## Work to complete:
Look below for the line that contains "MIKE DIPAOLO" and the line that contains "Fotografia de capa", then restate both of them and every line in between, exactly. No picture goes in the copy.

## Exercise data:
◆ ◆ ◆
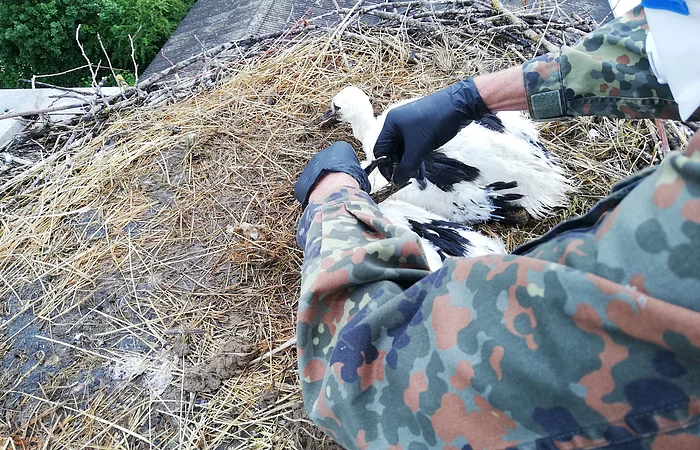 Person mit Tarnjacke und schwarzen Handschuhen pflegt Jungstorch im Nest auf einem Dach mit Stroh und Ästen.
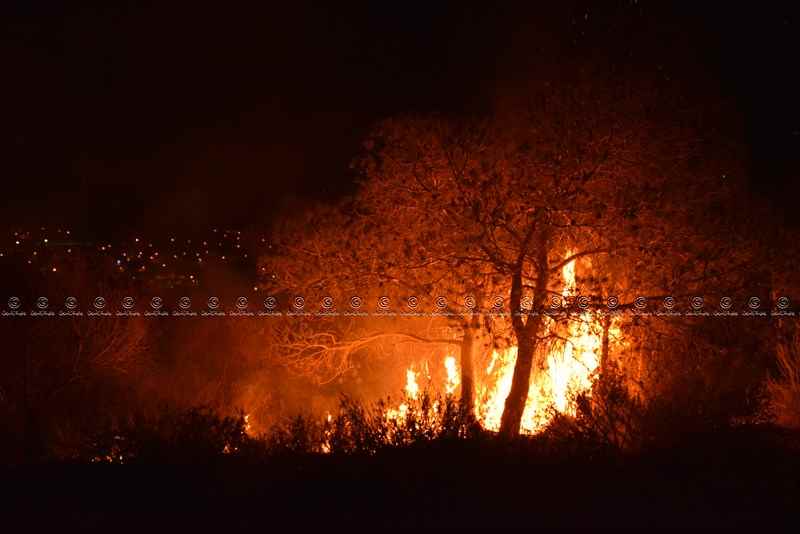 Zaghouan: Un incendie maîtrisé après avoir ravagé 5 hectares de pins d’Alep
◆ ◆ ◆
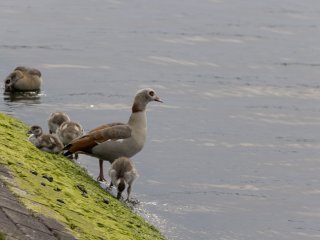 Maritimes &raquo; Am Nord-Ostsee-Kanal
◆ ◆ ◆
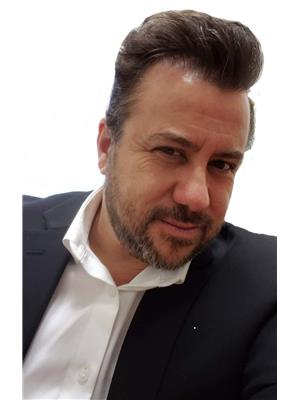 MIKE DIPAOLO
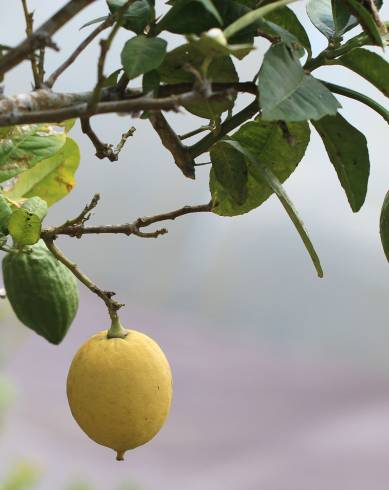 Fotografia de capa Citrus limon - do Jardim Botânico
◆ ◆ ◆
## Expected answer:
 MIKE DIPAOLO
 Fotografia de capa Citrus limon - do Jardim Botânico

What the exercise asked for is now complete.